▶ PROBLEM STATEMENT
The reply should hold every entry exactly as written and none of the pictures.

▶ PROVIDED DATA
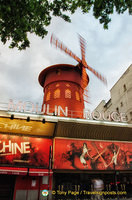 Paris' most famous windmill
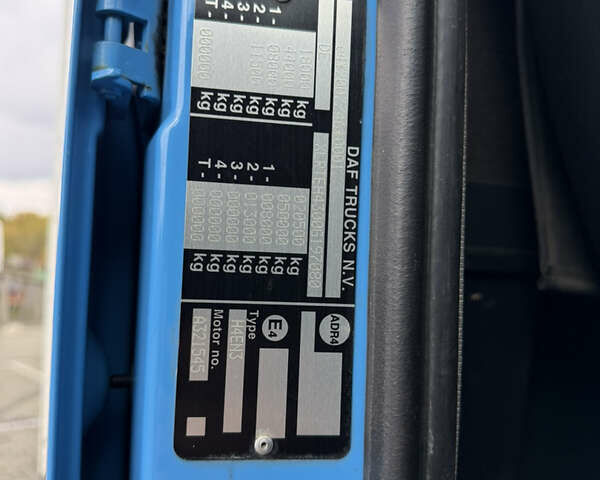 Синий Даф XF 106, объемом двигателя 0 л и пробегом 848 тыс. км за 27999 $, фото 32 на Automoto.ua
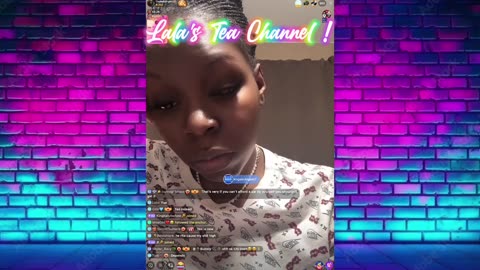 - ANGELIC SOUL ; TALKS ABOUT NOT LETTING THINGS STOP HER LIFE !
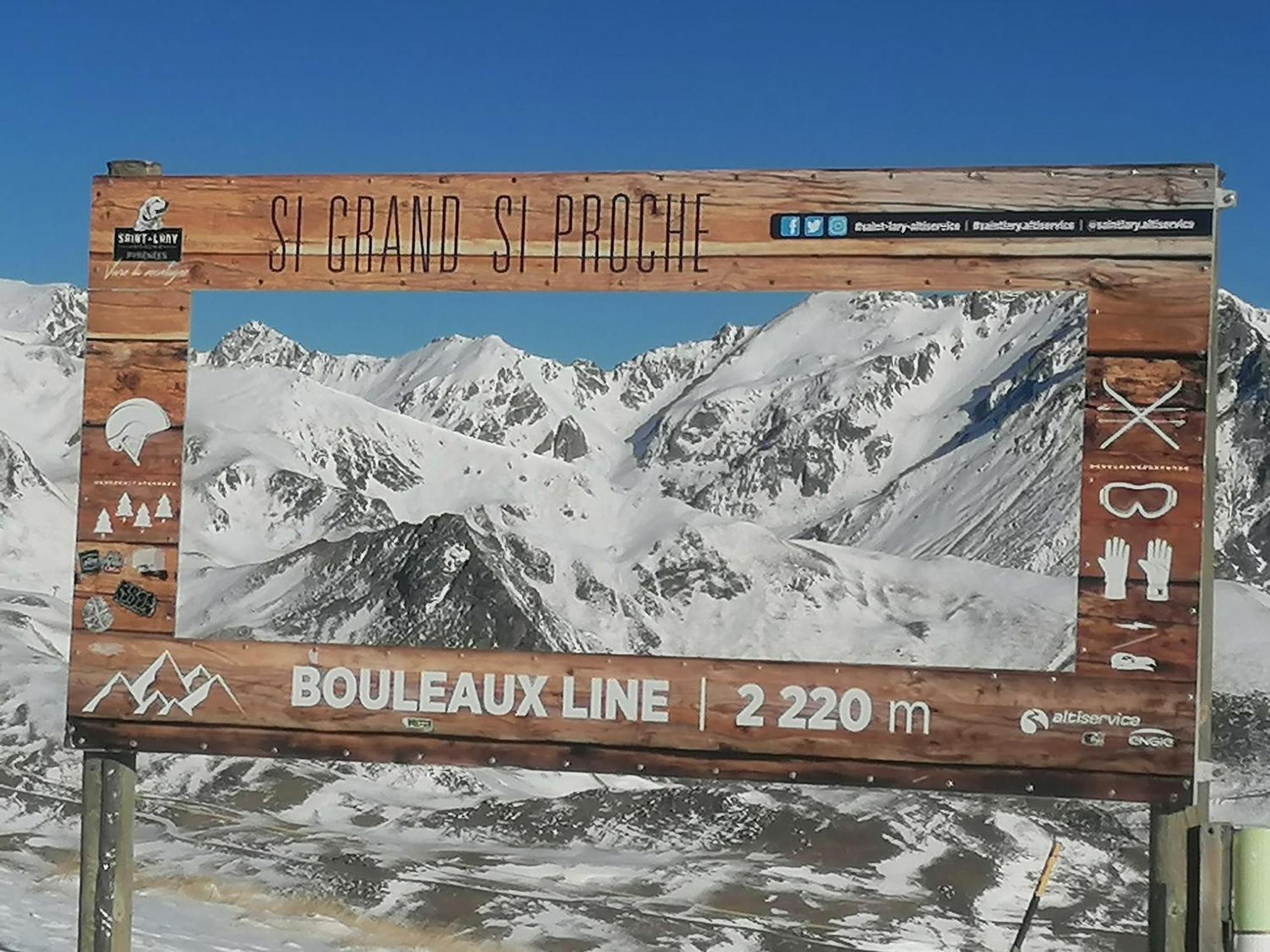Studio 4 Personnes Saint-Lary-Soulan Exterior photo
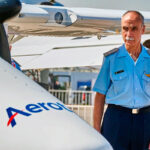 Gustavo Valverde participa de FIDAE 2026 representando a la Fuerza Aérea Argentina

▶ WRITTEN SOLUTION
 Paris' most famous windmill
 Синий Даф XF 106, объемом двигателя 0 л и пробегом 848 тыс. км за 27999 $, фото 32 на Automoto.ua
 - ANGELIC SOUL ; TALKS ABOUT NOT LETTING THINGS STOP HER LIFE !
Studio 4 Personnes Saint-Lary-Soulan Exterior photo
 Gustavo Valverde participa de FIDAE 2026 representando a la Fuerza Aérea Argentina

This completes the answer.